Explain to your students what you understand a “liberal education” to mean.
If you ask me why you should come to a college (like Rollins) that purports to give you a “liberal education,” I can answer that question only personally, since I have found it impossible to discover a consensus definition of that term among my colleagues, even at the level of platitude. So here is my own interpretation of our educational mission, to which I contribute particularly as a teacher of literature and writing. I’ll frame it as a credo.
Enhancing Humanity
I believe that a liberal education aims to improve, enlarge and enhance the humanity of our students. This attitude assumes that though we are born into the human species, our “humanity” is potential in us, as the oak tree is in the acorn. It takes nourishing, cultivating and other beneficial provisions to realize our fullest potential, among which provisions are the various components of a liberal education offered in colleges, but available as well outside of such institutions.
Growing Minds
What is most distinctive in human beings, among all other species on Earth, is our intelligence, and a liberal academic education aims to develop students’ intelligence—to grow their minds.

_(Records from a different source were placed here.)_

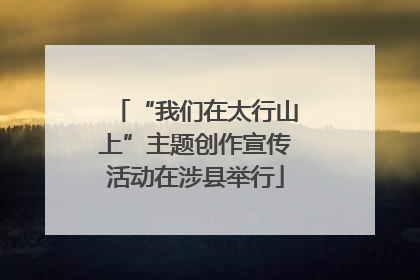 “我们在太行山上”主题创作宣传活动在涉县举行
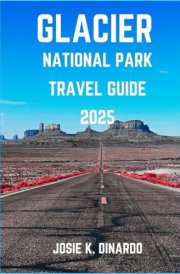 GLACIER NATIONAL PARK TRAVEL GUIDE 2025: Discovering Glacier’s Untouched Corners: Pro Tips, Images, Attractions, and More cover image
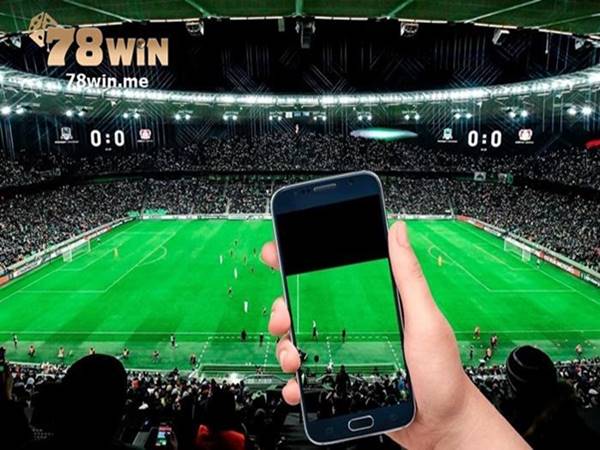 Nhiều người đang dùng app 78win để soi kèo bóng đá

For the sake of a full argument, both intelligence and mind are terms to define as precisely as possible; but more vaguely for the moment, I am referring to our higher faculties of thinking that distinguish us as human beings: especially our capacity for using symbolic languages—literal, visual and auditory.
We human beings are born with latent mental potentials that are cultivated by the cultures in which we are reared. The richer and more sophisticated our enculturation, the more our intellectual potential is liberated and expressed into the world.
The job of colleges of liberal education is to liberate higher levels of human intelligence by cultivating the higher reaches of students’ minds, exposing them to and training them in the best expressions of human intellect emergent throughout history and urging them toward the mental frontiers of the present.
The practical, pragmatic benefit of such liberal learning is not its immediate concern, as it would be for vocational and technical institutions of learning. Rather, the general cultivation of intellect, the growth of mind for its own sake and for the realization of our full humanity, is its aim.
As Howard Gardner, Daniel Goleman, John Fowler and others have indicated, human intelligence is complex and multifaceted, encompassing linguistic, logical-mathematical, musical, spatial, bodily-kinetic, relational, intra-personal, emotional, and spiritual dimensions, at least.
You should therefore ask of any course or discipline what aspects of intelligence it works to develop, and expect the whole curriculum to cultivate and integrate as many modes of mind as possible.
The exploration and expansion of all of these aspects of intellect are the aims of a higher, liberating education, an education that does not end with a diploma and largely commences with Commencement.